Excerpted records:
═══

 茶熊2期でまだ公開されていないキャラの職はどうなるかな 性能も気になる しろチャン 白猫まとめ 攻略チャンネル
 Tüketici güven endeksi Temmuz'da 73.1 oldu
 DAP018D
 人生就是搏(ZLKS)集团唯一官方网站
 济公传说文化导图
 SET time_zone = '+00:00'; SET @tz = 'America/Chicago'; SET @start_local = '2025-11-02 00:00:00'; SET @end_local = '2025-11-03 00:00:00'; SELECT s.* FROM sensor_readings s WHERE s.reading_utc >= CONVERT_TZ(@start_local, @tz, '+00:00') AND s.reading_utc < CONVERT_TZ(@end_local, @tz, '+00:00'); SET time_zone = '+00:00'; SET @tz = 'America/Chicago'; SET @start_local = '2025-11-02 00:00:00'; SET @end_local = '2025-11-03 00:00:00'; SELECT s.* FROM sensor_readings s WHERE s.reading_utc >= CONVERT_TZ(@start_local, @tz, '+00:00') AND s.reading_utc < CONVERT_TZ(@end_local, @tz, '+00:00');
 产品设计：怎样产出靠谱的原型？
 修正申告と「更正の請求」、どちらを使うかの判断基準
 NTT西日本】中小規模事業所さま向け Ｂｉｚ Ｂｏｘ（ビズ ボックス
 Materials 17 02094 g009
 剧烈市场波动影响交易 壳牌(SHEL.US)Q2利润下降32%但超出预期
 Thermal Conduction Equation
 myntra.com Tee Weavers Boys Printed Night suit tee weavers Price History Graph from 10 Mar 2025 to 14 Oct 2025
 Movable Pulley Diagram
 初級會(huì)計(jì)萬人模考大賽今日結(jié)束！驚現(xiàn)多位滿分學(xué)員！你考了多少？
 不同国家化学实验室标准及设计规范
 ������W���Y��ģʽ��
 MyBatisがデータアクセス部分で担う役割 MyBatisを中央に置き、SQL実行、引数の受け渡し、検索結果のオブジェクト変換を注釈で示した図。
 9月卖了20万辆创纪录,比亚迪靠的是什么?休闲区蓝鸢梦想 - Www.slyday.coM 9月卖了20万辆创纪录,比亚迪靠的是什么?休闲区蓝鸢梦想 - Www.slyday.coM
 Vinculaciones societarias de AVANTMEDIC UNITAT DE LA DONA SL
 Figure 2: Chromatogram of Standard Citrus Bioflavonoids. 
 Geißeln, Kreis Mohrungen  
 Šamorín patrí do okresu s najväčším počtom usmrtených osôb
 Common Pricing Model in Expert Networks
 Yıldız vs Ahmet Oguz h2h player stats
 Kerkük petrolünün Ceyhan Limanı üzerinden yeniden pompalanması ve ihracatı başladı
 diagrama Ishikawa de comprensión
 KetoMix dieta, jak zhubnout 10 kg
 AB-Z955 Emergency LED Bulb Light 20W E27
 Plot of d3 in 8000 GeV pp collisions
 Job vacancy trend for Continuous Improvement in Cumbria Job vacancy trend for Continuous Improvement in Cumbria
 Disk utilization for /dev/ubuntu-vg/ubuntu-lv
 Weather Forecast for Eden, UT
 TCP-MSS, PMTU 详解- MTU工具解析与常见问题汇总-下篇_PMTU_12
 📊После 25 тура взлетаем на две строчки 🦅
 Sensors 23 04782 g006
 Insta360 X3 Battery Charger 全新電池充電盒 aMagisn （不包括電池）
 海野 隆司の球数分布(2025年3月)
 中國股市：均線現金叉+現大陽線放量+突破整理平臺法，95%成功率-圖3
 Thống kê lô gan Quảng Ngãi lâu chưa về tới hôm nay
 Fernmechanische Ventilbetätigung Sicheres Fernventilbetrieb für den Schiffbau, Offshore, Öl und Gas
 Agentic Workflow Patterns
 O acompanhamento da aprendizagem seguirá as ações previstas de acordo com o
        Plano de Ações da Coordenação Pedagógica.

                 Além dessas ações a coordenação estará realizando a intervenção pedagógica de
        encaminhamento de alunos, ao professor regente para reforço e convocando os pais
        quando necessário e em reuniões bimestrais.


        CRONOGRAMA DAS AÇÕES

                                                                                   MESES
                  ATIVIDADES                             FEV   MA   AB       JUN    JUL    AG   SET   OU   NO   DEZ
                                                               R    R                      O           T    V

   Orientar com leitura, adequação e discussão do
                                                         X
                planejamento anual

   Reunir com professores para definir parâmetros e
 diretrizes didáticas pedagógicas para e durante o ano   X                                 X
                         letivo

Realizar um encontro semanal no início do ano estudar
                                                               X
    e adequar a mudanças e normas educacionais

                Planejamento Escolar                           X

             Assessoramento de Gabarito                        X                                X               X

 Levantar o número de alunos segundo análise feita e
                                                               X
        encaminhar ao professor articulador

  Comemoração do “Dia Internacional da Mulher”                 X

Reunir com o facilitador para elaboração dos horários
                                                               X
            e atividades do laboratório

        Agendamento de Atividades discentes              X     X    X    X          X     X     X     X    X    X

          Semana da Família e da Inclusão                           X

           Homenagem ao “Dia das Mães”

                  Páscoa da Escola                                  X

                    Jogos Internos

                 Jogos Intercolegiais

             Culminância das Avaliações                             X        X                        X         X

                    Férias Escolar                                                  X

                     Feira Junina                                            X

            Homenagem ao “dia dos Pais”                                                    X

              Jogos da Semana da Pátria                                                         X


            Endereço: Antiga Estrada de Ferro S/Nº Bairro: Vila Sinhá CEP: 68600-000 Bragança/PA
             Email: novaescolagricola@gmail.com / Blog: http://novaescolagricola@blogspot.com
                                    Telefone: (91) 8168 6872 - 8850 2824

═══

What to do: Prepare a faithful transcription of the material above, with nothing altered.

Solution for this exercise:
 茶熊2期でまだ公開されていないキャラの職はどうなるかな 性能も気になる しろチャン 白猫まとめ 攻略チャンネル
 Tüketici güven endeksi Temmuz'da 73.1 oldu
 DAP018D
 人生就是搏(ZLKS)集团唯一官方网站
 济公传说文化导图
 SET time_zone = '+00:00'; SET @tz = 'America/Chicago'; SET @start_local = '2025-11-02 00:00:00'; SET @end_local = '2025-11-03 00:00:00'; SELECT s.* FROM sensor_readings s WHERE s.reading_utc >= CONVERT_TZ(@start_local, @tz, '+00:00') AND s.reading_utc < CONVERT_TZ(@end_local, @tz, '+00:00'); SET time_zone = '+00:00'; SET @tz = 'America/Chicago'; SET @start_local = '2025-11-02 00:00:00'; SET @end_local = '2025-11-03 00:00:00'; SELECT s.* FROM sensor_readings s WHERE s.reading_utc >= CONVERT_TZ(@start_local, @tz, '+00:00') AND s.reading_utc < CONVERT_TZ(@end_local, @tz, '+00:00');
 产品设计：怎样产出靠谱的原型？
 修正申告と「更正の請求」、どちらを使うかの判断基準
 NTT西日本】中小規模事業所さま向け Ｂｉｚ Ｂｏｘ（ビズ ボックス
 Materials 17 02094 g009
 剧烈市场波动影响交易 壳牌(SHEL.US)Q2利润下降32%但超出预期
 Thermal Conduction Equation
 myntra.com Tee Weavers Boys Printed Night suit tee weavers Price History Graph from 10 Mar 2025 to 14 Oct 2025
 Movable Pulley Diagram
 初級會(huì)計(jì)萬人模考大賽今日結(jié)束！驚現(xiàn)多位滿分學(xué)員！你考了多少？
 不同国家化学实验室标准及设计规范
 ������W���Y��ģʽ��
 MyBatisがデータアクセス部分で担う役割 MyBatisを中央に置き、SQL実行、引数の受け渡し、検索結果のオブジェクト変換を注釈で示した図。
 9月卖了20万辆创纪录,比亚迪靠的是什么?休闲区蓝鸢梦想 - Www.slyday.coM 9月卖了20万辆创纪录,比亚迪靠的是什么?休闲区蓝鸢梦想 - Www.slyday.coM
 Vinculaciones societarias de AVANTMEDIC UNITAT DE LA DONA SL
 Figure 2: Chromatogram of Standard Citrus Bioflavonoids. 
 Geißeln, Kreis Mohrungen  
 Šamorín patrí do okresu s najväčším počtom usmrtených osôb
 Common Pricing Model in Expert Networks
 Yıldız vs Ahmet Oguz h2h player stats
 Kerkük petrolünün Ceyhan Limanı üzerinden yeniden pompalanması ve ihracatı başladı
 diagrama Ishikawa de comprensión
 KetoMix dieta, jak zhubnout 10 kg
 AB-Z955 Emergency LED Bulb Light 20W E27
 Plot of d3 in 8000 GeV pp collisions
 Job vacancy trend for Continuous Improvement in Cumbria Job vacancy trend for Continuous Improvement in Cumbria
 Disk utilization for /dev/ubuntu-vg/ubuntu-lv
 Weather Forecast for Eden, UT
 TCP-MSS, PMTU 详解- MTU工具解析与常见问题汇总-下篇_PMTU_12
 📊После 25 тура взлетаем на две строчки 🦅
 Sensors 23 04782 g006
 Insta360 X3 Battery Charger 全新電池充電盒 aMagisn （不包括電池）
 海野 隆司の球数分布(2025年3月)
 中國股市：均線現金叉+現大陽線放量+突破整理平臺法，95%成功率-圖3
 Thống kê lô gan Quảng Ngãi lâu chưa về tới hôm nay
 Fernmechanische Ventilbetätigung Sicheres Fernventilbetrieb für den Schiffbau, Offshore, Öl und Gas
 Agentic Workflow Patterns
 O acompanhamento da aprendizagem seguirá as ações previstas de acordo com o
        Plano de Ações da Coordenação Pedagógica.

                 Além dessas ações a coordenação estará realizando a intervenção pedagógica de
        encaminhamento de alunos, ao professor regente para reforço e convocando os pais
        quando necessário e em reuniões bimestrais.


        CRONOGRAMA DAS AÇÕES

                                                                                   MESES
                  ATIVIDADES                             FEV   MA   AB       JUN    JUL    AG   SET   OU   NO   DEZ
                                                               R    R                      O           T    V

   Orientar com leitura, adequação e discussão do
                                                         X
                planejamento anual

   Reunir com professores para definir parâmetros e
 diretrizes didáticas pedagógicas para e durante o ano   X                                 X
                         letivo

Realizar um encontro semanal no início do ano estudar
                                                               X
    e adequar a mudanças e normas educacionais

                Planejamento Escolar                           X

             Assessoramento de Gabarito                        X                                X               X

 Levantar o número de alunos segundo análise feita e
                                                               X
        encaminhar ao professor articulador

  Comemoração do “Dia Internacional da Mulher”                 X

Reunir com o facilitador para elaboração dos horários
                                                               X
            e atividades do laboratório

        Agendamento de Atividades discentes              X     X    X    X          X     X     X     X    X    X

          Semana da Família e da Inclusão                           X

           Homenagem ao “Dia das Mães”

                  Páscoa da Escola                                  X

                    Jogos Internos

                 Jogos Intercolegiais

             Culminância das Avaliações                             X        X                        X         X

                    Férias Escolar                                                  X

                     Feira Junina                                            X

            Homenagem ao “dia dos Pais”                                                    X

              Jogos da Semana da Pátria                                                         X


            Endereço: Antiga Estrada de Ferro S/Nº Bairro: Vila Sinhá CEP: 68600-000 Bragança/PA
             Email: novaescolagricola@gmail.com / Blog: http://novaescolagricola@blogspot.com
                                    Telefone: (91) 8168 6872 - 8850 2824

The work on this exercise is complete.